Out of Character, Out of Credit
Our credit card got hacked last week, and my potential new sponsor — Capital One, what’s in your wallet? — called it from a mile away. Before you could say, “Bob’s your uncle,” Capital One had restricted the card’s use.
So what tipped the geniuses at Capital One off? you might ask.
The attempted purchase of a luxury item, that’s what. So completely out of character for the Podunks that a corporation founded mostly on greed (this is why I don’t get sponsors), turned the credit faucet off IMMEDIATELY.

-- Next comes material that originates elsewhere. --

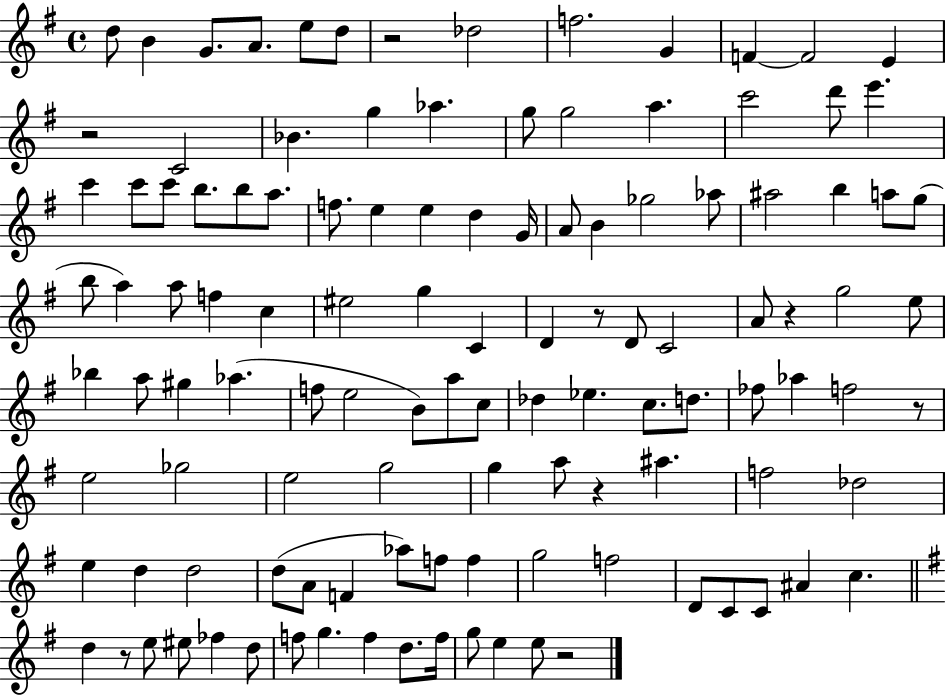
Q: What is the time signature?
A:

This is what Capital One’s fraud bureau decided “does not compute”:
This gentle readers, is a Daniel Wellington watch from Sweden, and I can’t have one. To be clear, neither Iron Chef nor I were making this purchase. But the thought that our credit would be automatically cancelled if we tried to buy one is kind of cool from an intelligence standpoint, and sort of depressing from a lifestyle point of view.
Hear me out. Capital One doesn’t blink a beady eye when Chef buys hundreds of dollars of hog casings from places called Manly Meat Warehouse. If we drive like a bat out of hell in the middle of winter toward Gillette, Wyoming (which should trigger anyone’s computer model), Capital One does not question the propriety of gas station stops that look like they belong to Bonnie and Clyde.
But a little bling and the bogus button gets pushed? It’s possible we’ve become too predictable for our own good.
Now don’t hesitate to tell Capital One, what’s in your wallet? that I need a sponsor.
I’m jealous: my bank cut off my debit card at the Walmart in Bloomington IN. Ouch.
The universe telling you to just say NO to Walmart (not a potential sponsor).